News of the Weird has followed the antics of Pekin, Ill., gardener Robert Norton, now 77, over the years because he does much of his work while nude, to the consternation of neighbors. Despite more than 20 arrests and several convictions, Norton insists his activity is protected by the U.S. Constitution. He has been sentenced twice more since his last News of the Weird mention. And in December in Bellefonte, Pa., Charles Stitzer, 62, was convicted of the same offense (his first), having "alarmed" a neighbor despite being 200 feet away with nightfall approaching.

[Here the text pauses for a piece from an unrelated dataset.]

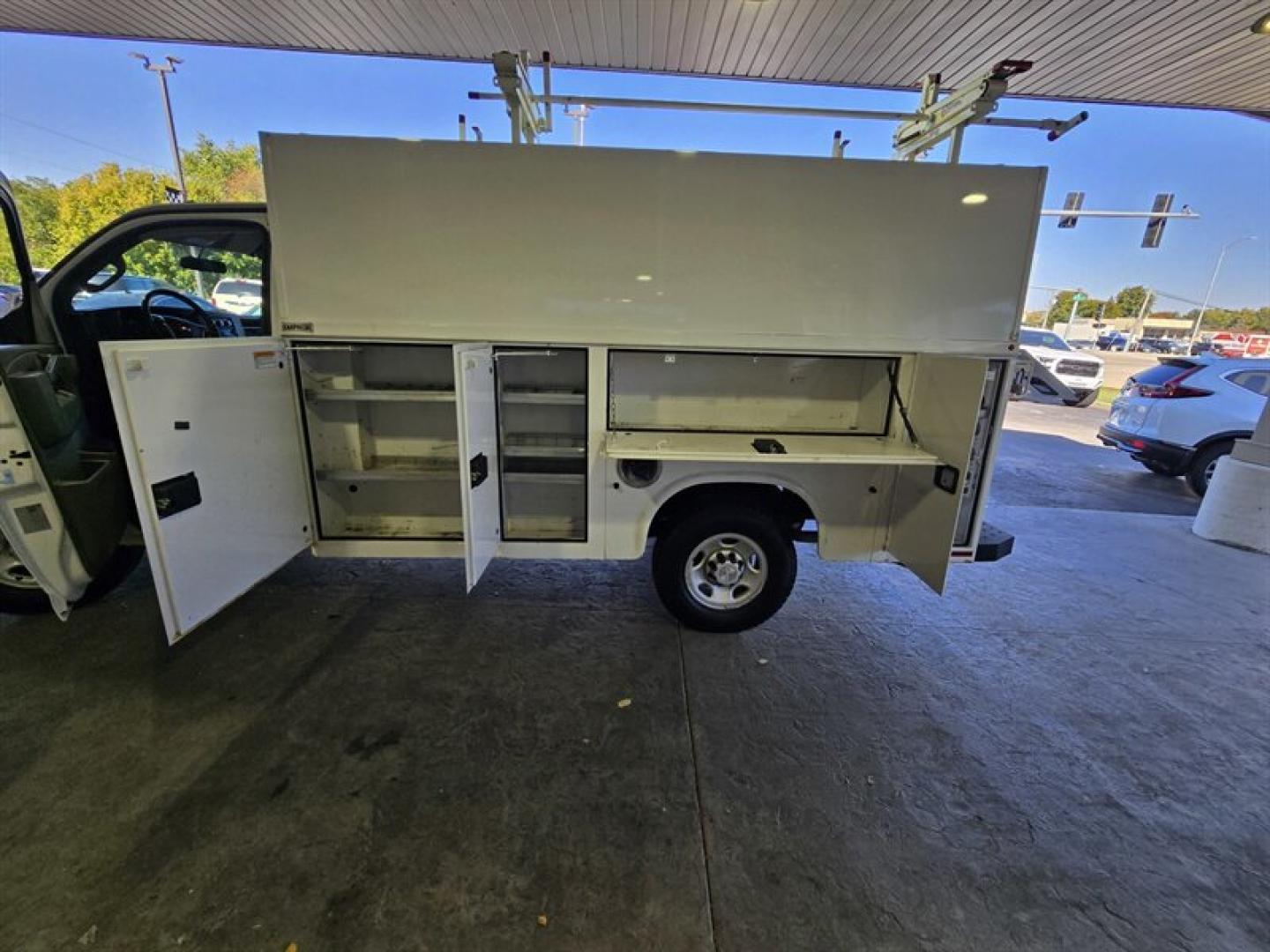 2019 White Chevrolet Express Work Van Cutaway (1GB0GRFG3K1) with an Vortec 6.0L Flex Fuel V8 341hp 373ft. lbs. engine, Automatic transmission, located at 25355 Eames Street, Channahon, IL, 60410, (815) 467-1807, 41.429108, -88.228432 - ** 12 FOOT KNAPHEIDE KUV PLUMBERS BODY. **The 2019 Chevrolet Express 3500 is equipped with a robust Vortec 6.0L Flex Fuel V8 engine, delivering 341 horsepower and 373 lb-ft of torque, providing reliable performance for a variety of driving needs. The exterior features a clean White finish, complemen- Photo#28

By mid-March, three reveling college students had died from falls or incompetent leaps during this year's spring break: a Florida man, 20 (climbing balcony to balcony in Daytona Beach); a Kansas man, 18 (climbing balcony to balcony at a Mexico resort); a New Jersey man, 19 (leaping from a balcony into a swimming pool but missing, in Fort Lauderdale). (Another man survived a fall off of a motel building in Panama City Beach, Fla.)
A Buffalo, N.Y., public school program announced it will pay some high school students $5 an hour to attend English and math classes this summer. A slow-handed 27-year-old 7-Eleven clerk was taken by paramedics not to a hospital but to an industrial shop (along with the store's auto-locking safe) to have her fingers extricated from the safe's coin-deposit slot (Aberdeen, Wash.). A stickup man wielding a toy gun robbed the Glebe Side Kids toy store (Ottawa, Ontario). Britain's Princess Anne, 50, was fined about $700 for driving her Bentley about 90 mph and ignoring a police officer chasing her; she said she just assumed that the officer's flashing lights meant that he had come to provide a royal escort (Gloucestershire, England).